Tribunal Administratif de Nancy — Décision N° TA54-2001618

mardi 13 décembre 2022

JuridictionTribunal Administratif de Nancy
SectionTribunal Administratif de Nancy
N° DossierTA54-2001618
TypeDécision
RecoursExcès de pouvoir
PublicationC
FormationChambre 1
Avocat requérantSELARL AVOCATLOR

Texte intégral

Vu la procédure suivante :

Par une requête enregistrée le 6 juillet 2020 et un mémoire en réplique enregistré le 6 juillet 2022, Mme A C, représentée par Me Keyser, demande au tribunal :

1°) d'annuler la décision du 26 novembre 2019 par laquelle le préfet de Meurthe-et-Moselle a rejeté sa demande de transfert de droits à paiement de base au titre de la campagne 2019, ensemble la décision implicite rejetant son recours gracieux ;

2°) de mettre à la charge de l'Etat la somme de 2 000 euros au titre de l'article L. 761-1 du code de justice administrative.

Elle soutient que :

- elle se trouvait dans l'impossibilité de produire la convention de mise à disposition demandée, dès lors que cette convention verbale n'existe pas sous la forme écrite ;

- en tout état de cause, la réalité du transfert foncier est établie ;

- de même, l'exploitation antérieure des terres par la SCEA Saint-François n'est pas contestable ;

- la SCEA Saint-François a refusé de régulariser sa demande de transfert de droits à paiement de base ;

- le nombre de droits à paiement de base à transférer n'est pas sérieusement contestable.

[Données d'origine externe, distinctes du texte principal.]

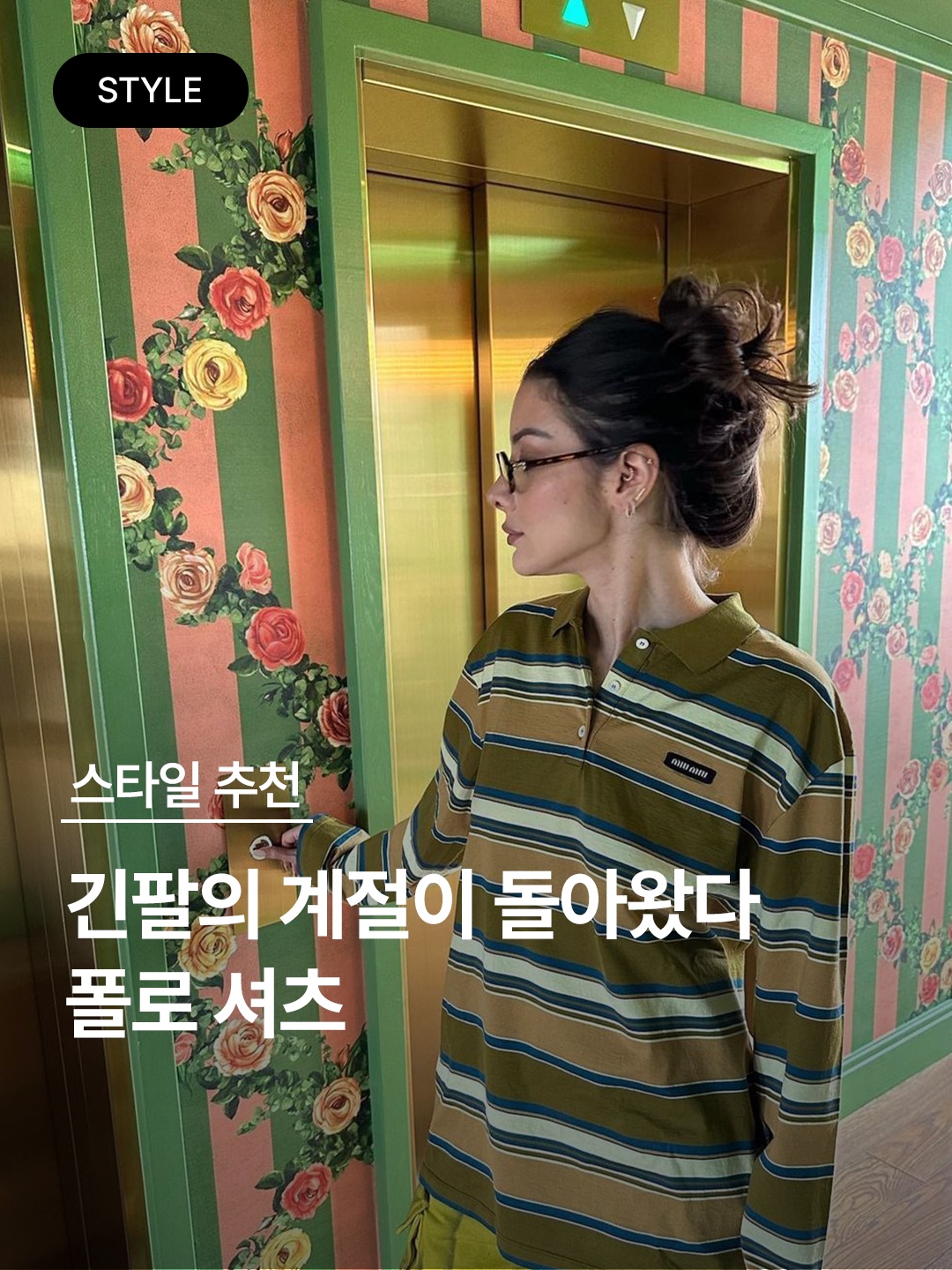 [30% 적립] Polo Ralph Lauren Iconic Rugby Shirt Artic Yellow - 24FW, [30%적립] Polo Ralph Lauren Long Sleeve Rugby Polo Shirt Stem White 착용 스타일 - 1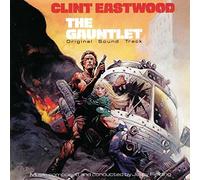 The Gauntlet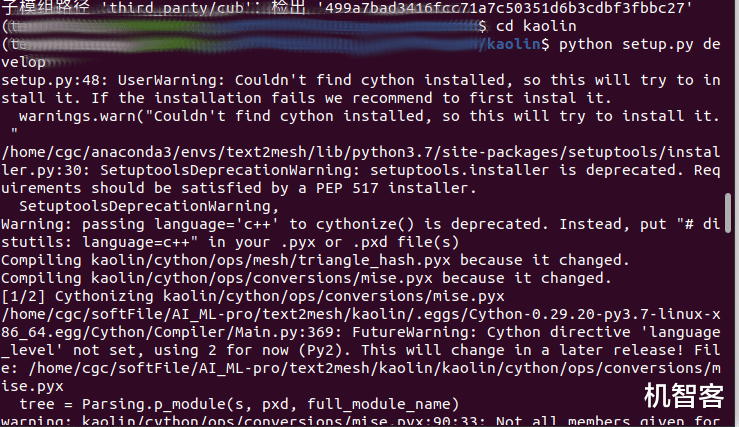深度学习|向3D进军,英伟达基于PyTorch的3D深度学习库Kaolin安装使用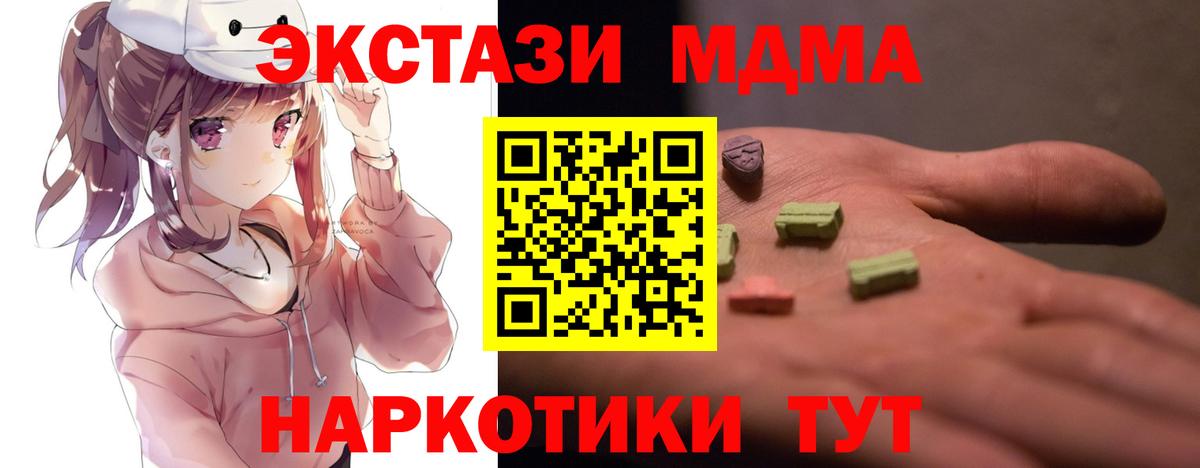 Камень-на-Оби  MDMA кристаллы  Вход с VPN  МДМА  MDMA crystal 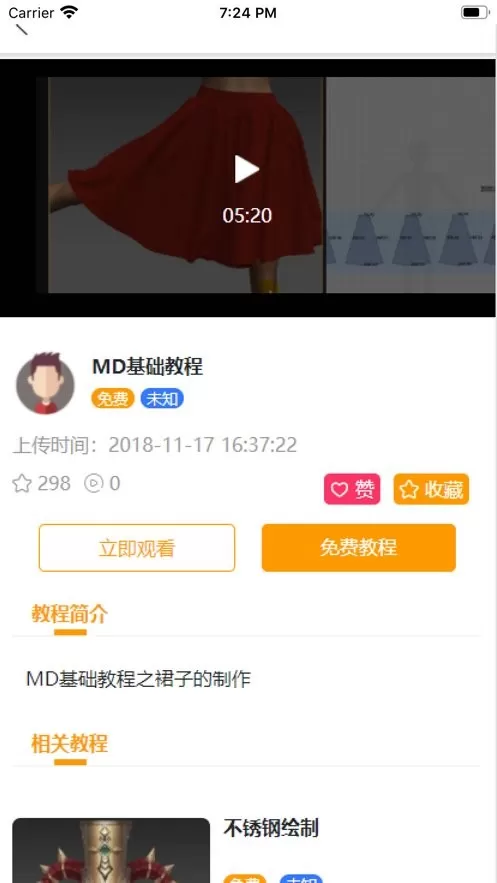 艺为易官方正版下载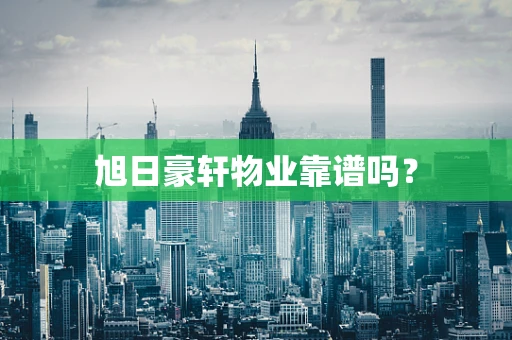 旭日豪轩物业靠谱吗？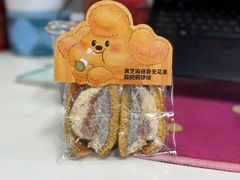 黑芝麻伯爵无花果酸奶铜锣烧-辛一·铜锣烧(鸿寿坊店)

Par un mémoire en défense, enregistré le 3 juin 2022, le préfet de Meurthe-et-Moselle conclut au rejet de la requête.

Il fait valoir que :

- les moyens soulevés par Mme C ne sont pas fondés ;

- en tout état de cause, il pouvait rejeter la demande de transfert de droits à paiement de base en raison du désaccord entre les parties au sujet de la surface et du nombre de droits à paiement de base à transférer ; ce motif pourrait donc être substitué à celui mentionné dans la décision du 26 novembre 2019.

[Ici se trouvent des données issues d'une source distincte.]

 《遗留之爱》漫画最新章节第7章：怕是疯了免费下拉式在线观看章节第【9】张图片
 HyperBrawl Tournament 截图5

Vu les autres pièces du dossier.

Vu :

- le règlement (UE) n° 1307/2013 du Parlement européen et du Conseil du 17 décembre 2013 ;

- le règlement délégué (UE) n° 640/2014 de la Commission du 11 mars 2014 ;

- le règlement d'exécution (UE) n° 809/2014 de la Commission du 17 juillet 2014 ;

- le code rural et de la pêche maritime ;

- l'arrêté du 9 octobre 2015 relatif aux modalités d'application concernant le système intégré de gestion et de contrôle, l'admissibilité des surfaces au régime de paiement de base et l'agriculteur actif dans le cadre de la politique agricole commune à compter de la campagne 2015 ;

- l'instruction technique DGPE/SDPAC/2019-468 du 24 juin 2019 relative aux transferts de droits à paiement de base au titre de la campagne 2019 ;

- le code de justice administrative.

Les parties ont été régulièrement averties du jour de l'audience.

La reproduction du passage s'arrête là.